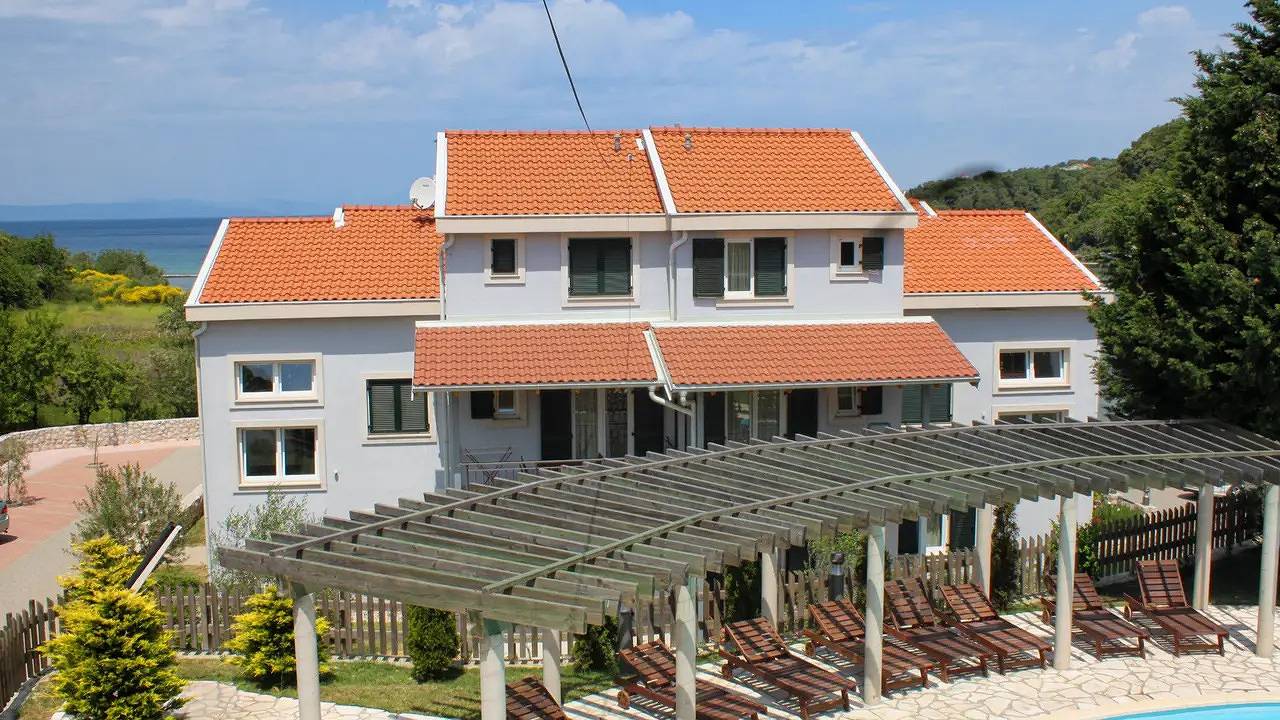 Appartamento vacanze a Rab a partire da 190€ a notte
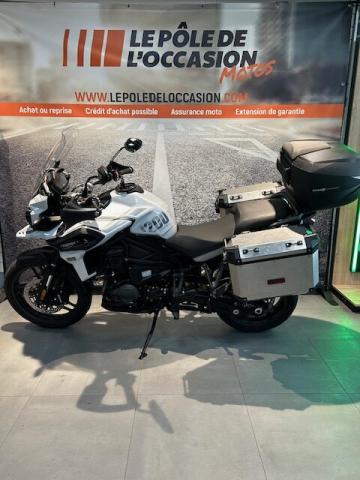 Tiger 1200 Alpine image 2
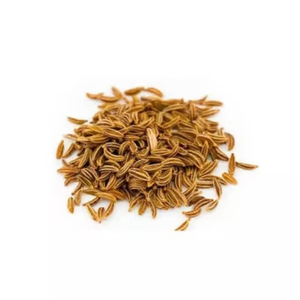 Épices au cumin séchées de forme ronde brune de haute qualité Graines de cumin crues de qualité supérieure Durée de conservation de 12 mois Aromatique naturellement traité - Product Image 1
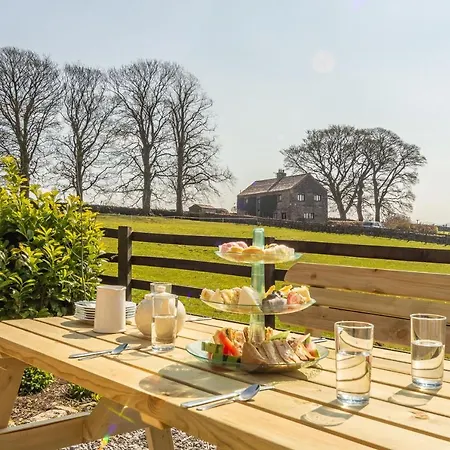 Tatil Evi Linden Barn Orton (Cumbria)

_ _ _ _ _

Task directions: Please ensure that the data above is repeated exactly, with no pictures in the copy.

The answer:
 Appartamento vacanze a Rab a partire da 190€ a notte
 Tiger 1200 Alpine image 2
 Épices au cumin séchées de forme ronde brune de haute qualité Graines de cumin crues de qualité supérieure Durée de conservation de 12 mois Aromatique naturellement traité - Product Image 1
 Tatil Evi Linden Barn Orton (Cumbria)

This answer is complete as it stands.